Return of the Blue Bomber

Excitement builds for Capcom’s newly announced Megaman 11, but will it be worth the wait?


Rain Richards

The helmet is a symbol of Megaman, and was shown in the previews for Megaman 11.

Megaman 11 is coming. No, it isn’t a rumor, a hoax or (thankfully enough) a Mighty No. 9 sequel. In December, Capcom released a trailer for an official Megaman game. Megaman was created about thirty years ago, in 1987. Since then, the character has gained a large cult following, numerous spinoffs, and a dated cartoon. The last game to release in the main series, though, was Megaman 10, in 2010.

After an eight year long hiatus, the super fighting robot has finally stepped back into the light. The trailer proudly shows off for fans, displaying a beautifully polished modern art style, new sound effects such as voice acting and a catchy song taken straight from the soundtrack. It also teases a number of game mechanics, powerups and enemies, leaving fans to speculate until Megaman 11 releases. Although the exact date is still unknown, the trailer promises that the game will be available on the Nintendo Switch, Playstation 4, Xbox One and PC by late 2018.

While the trailer does look promising, it also raises concerns.”

— Rain Richards

While the trailer does look promising, it also raises concerns. The updated graphics, voice acting and mysterious new mechanics have all been topics of debate. Not to mention the exclusion of Keiji Inafune, the Father of Megaman. Eddie Wilson ‘19 remains optimistic about the new game, and said that it’s important that it captures the heart of Megaman.

“As long as they don’t go overboard on graphics, and the characters are recognizable, it will be alright,” Wilson said. “New game mechanics would be fine; they’ve been adding new things throughout the series.”

On the other hand, the so-called “Father of Megaman” didn’t truly create the character, and he wasn’t involved in the gameplay. He mainly inherited the title through his work on the series, though this was only ever as an artist and producer, two areas in which Capcom’s Megaman 11 team is excelling.

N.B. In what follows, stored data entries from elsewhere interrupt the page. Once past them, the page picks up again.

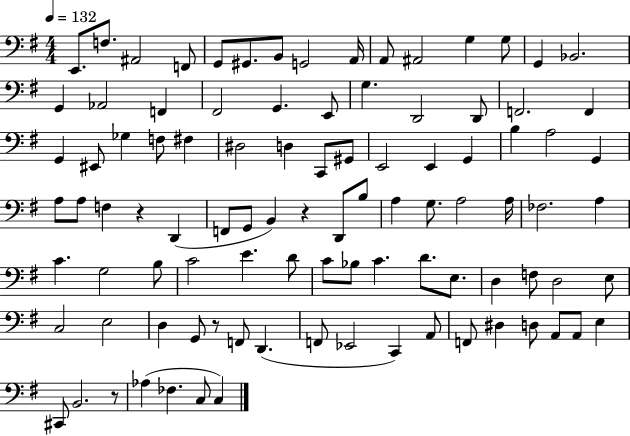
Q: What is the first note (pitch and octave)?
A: E2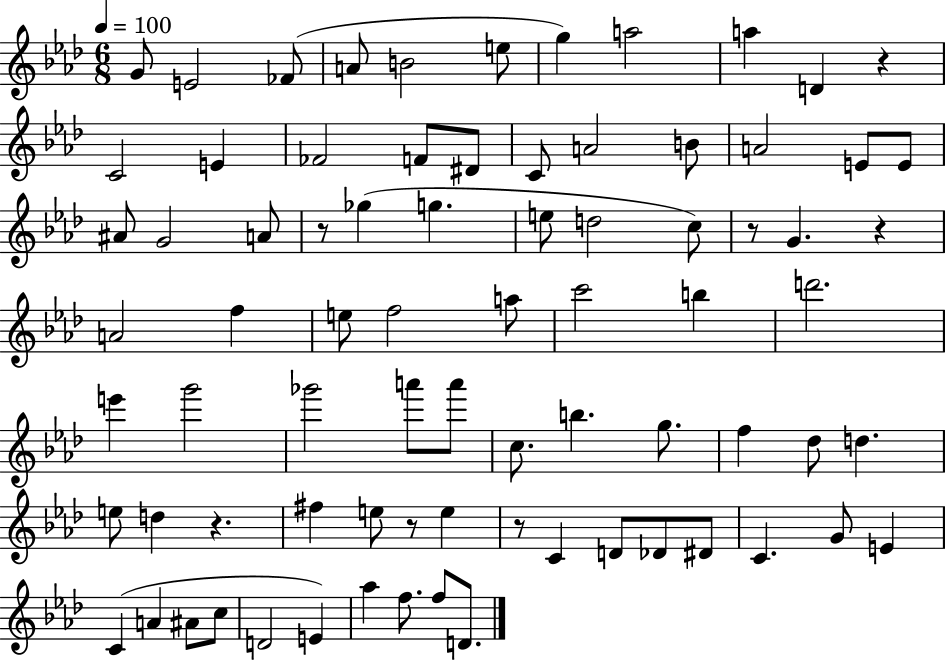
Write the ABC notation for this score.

X:1
T:Untitled
M:6/8
L:1/4
K:Ab
G/2 E2 _F/2 A/2 B2 e/2 g a2 a D z C2 E _F2 F/2 ^D/2 C/2 A2 B/2 A2 E/2 E/2 ^A/2 G2 A/2 z/2 _g g e/2 d2 c/2 z/2 G z A2 f e/2 f2 a/2 c'2 b d'2 e' g'2 _g'2 a'/2 a'/2 c/2 b g/2 f _d/2 d e/2 d z ^f e/2 z/2 e z/2 C D/2 _D/2 ^D/2 C G/2 E C A ^A/2 c/2 D2 E _a f/2 f/2 D/2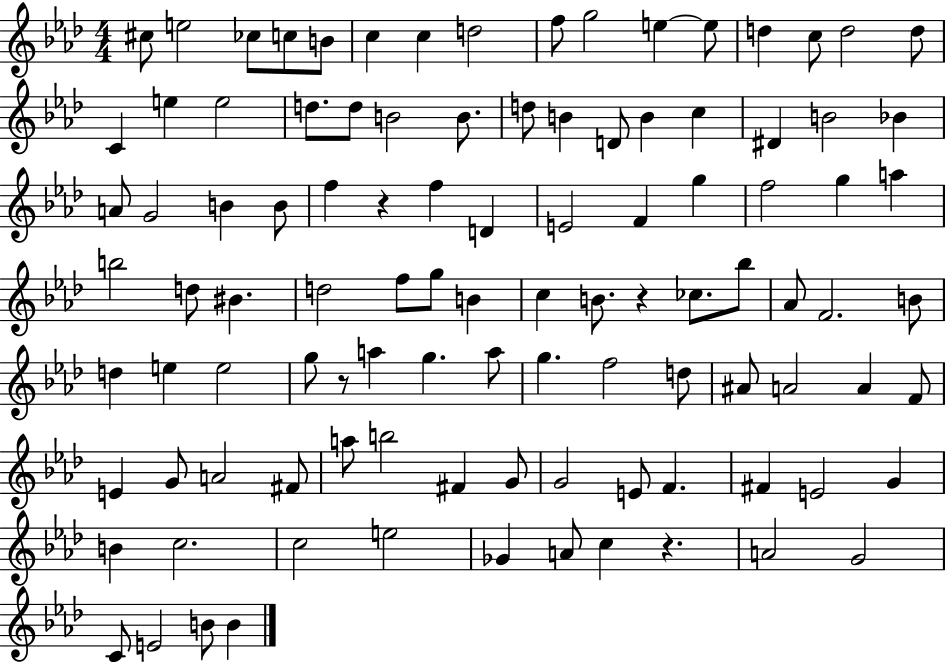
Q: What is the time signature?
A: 4/4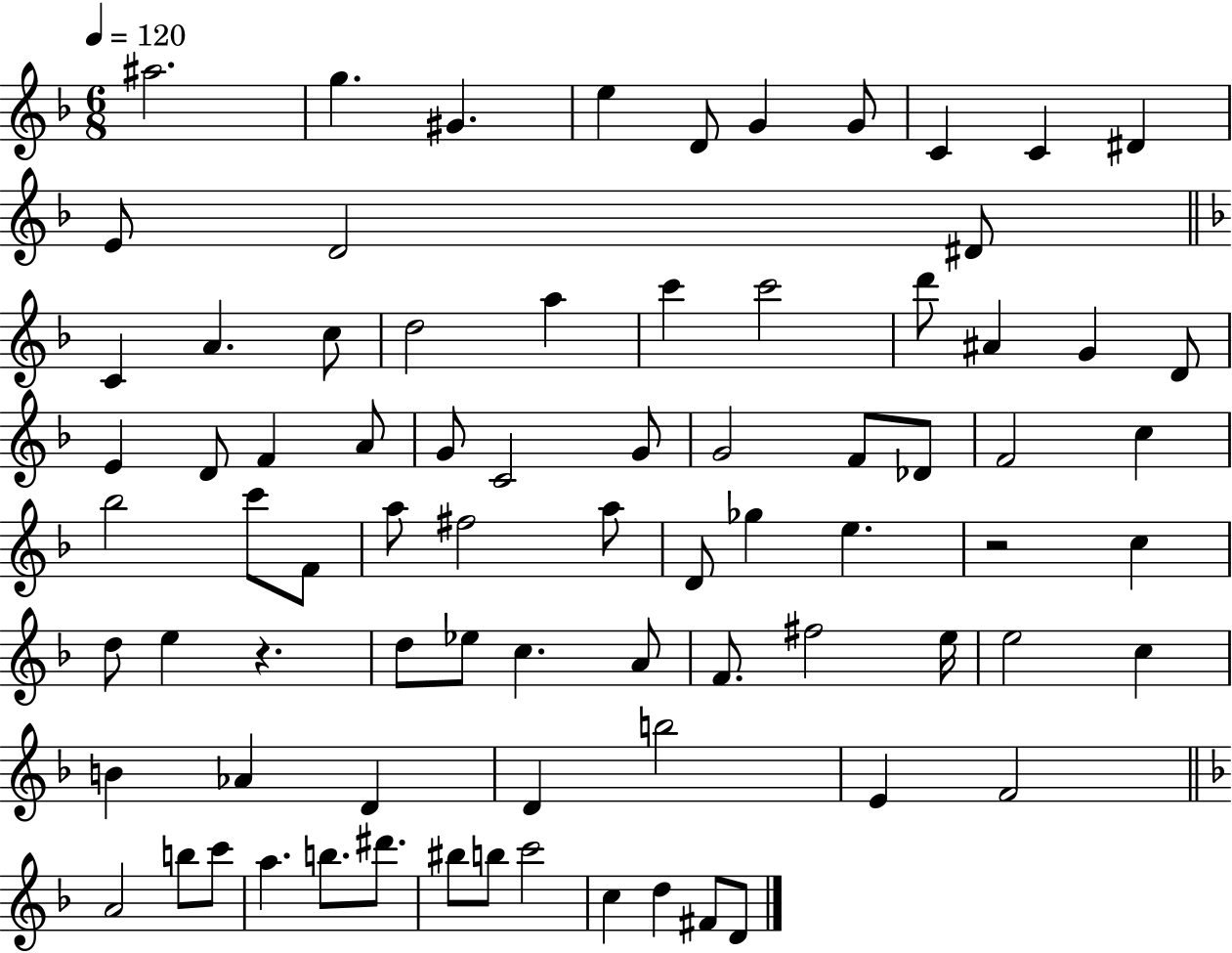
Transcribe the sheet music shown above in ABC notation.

X:1
T:Untitled
M:6/8
L:1/4
K:F
^a2 g ^G e D/2 G G/2 C C ^D E/2 D2 ^D/2 C A c/2 d2 a c' c'2 d'/2 ^A G D/2 E D/2 F A/2 G/2 C2 G/2 G2 F/2 _D/2 F2 c _b2 c'/2 F/2 a/2 ^f2 a/2 D/2 _g e z2 c d/2 e z d/2 _e/2 c A/2 F/2 ^f2 e/4 e2 c B _A D D b2 E F2 A2 b/2 c'/2 a b/2 ^d'/2 ^b/2 b/2 c'2 c d ^F/2 D/2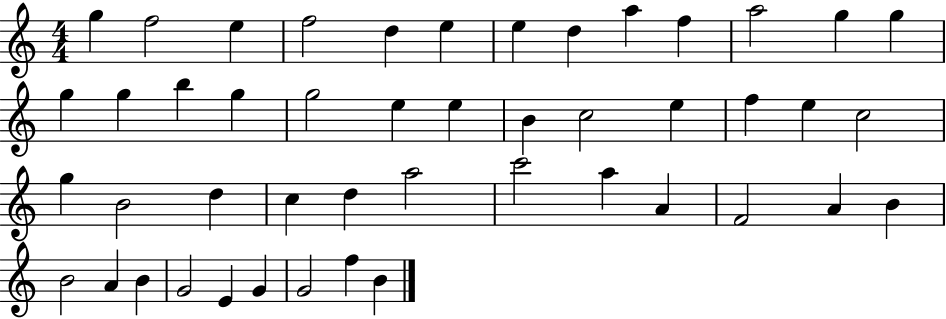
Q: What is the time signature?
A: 4/4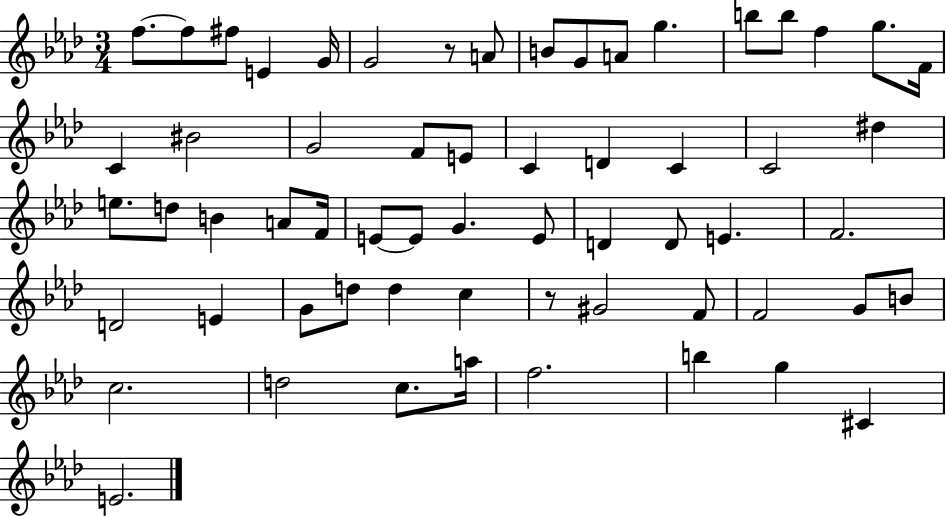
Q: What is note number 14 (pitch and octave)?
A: F5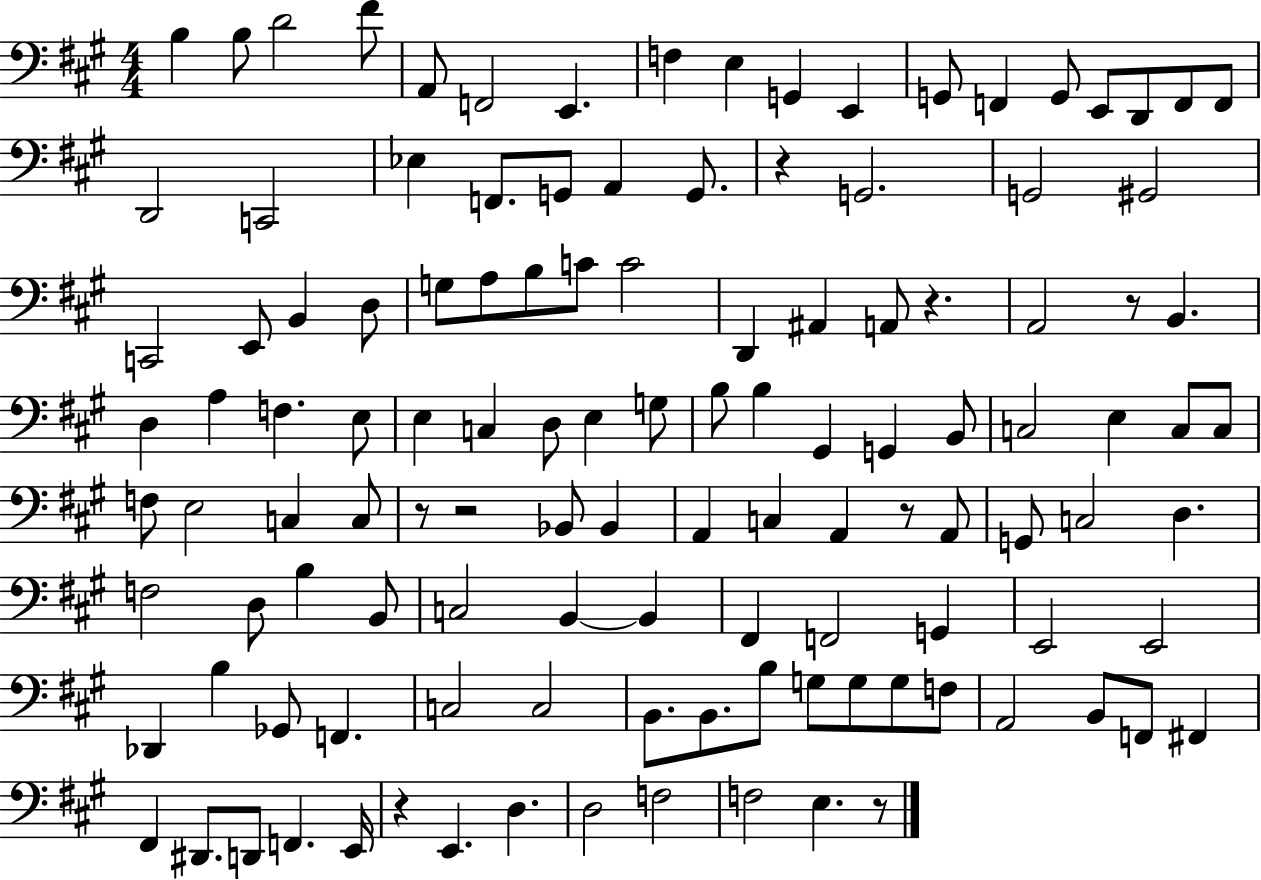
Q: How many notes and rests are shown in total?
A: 121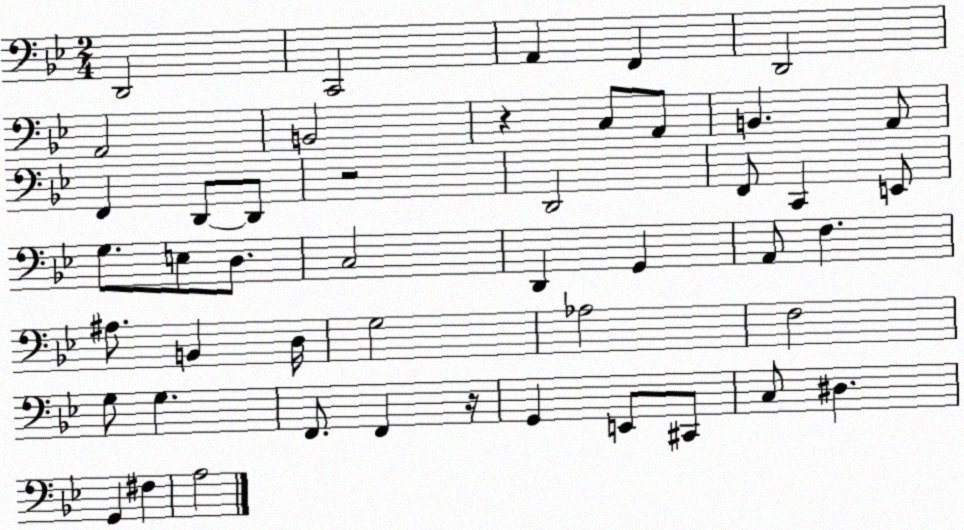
X:1
T:Untitled
M:2/4
L:1/4
K:Bb
D,,2 C,,2 A,, F,, D,,2 A,,2 B,,2 z C,/2 A,,/2 B,, A,,/2 F,, D,,/2 D,,/2 z2 D,,2 F,,/2 C,, E,,/2 G,/2 E,/2 D,/2 C,2 D,, G,, A,,/2 F, ^A,/2 B,, D,/4 G,2 _A,2 F,2 G,/2 G, F,,/2 F,, z/4 G,, E,,/2 ^C,,/2 C,/2 ^D, G,, ^F, A,2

The same could not have been said for the developers of Inafune’s now infamous Mighty No. 9., a spiritual successor to Megaman which crashed and burned due to poor communication, inadequate management, and an unrealistic vision. Mighty No. 9 was also funded by kickstarter donations, leaving many early supporters feeling betrayed.

Capcom haven’t given up on their beloved blue robot just yet.”

— Rain Richards

Already, Capcom is off to a better start. The trailer shows a whole lot of potential, and lets fans know exactly what they will be buying. Plus, they don’t have to pay for anything until the game actually comes out. Colton Morrill ‘18 is excited to get the game for his Nintendo Switch once that happens.

“I saw the release trailer; it looked really fun,” Morrill said. “I just like how [Megaman] is a lot more challenging than games today, like you actually have to be kind of good at it.”

The biggest parts of the series, for Morrill, are the soundtracks and the gameplay difficulty, which were both things the Megaman 11 trailer teased. In the end, the only way to know whether Megaman 11 will be a saving grace for the series or a nail in its coffin is by waiting for the game to release. All that can be said for sure, though, is that Capcom haven’t given up on their beloved blue robot just yet.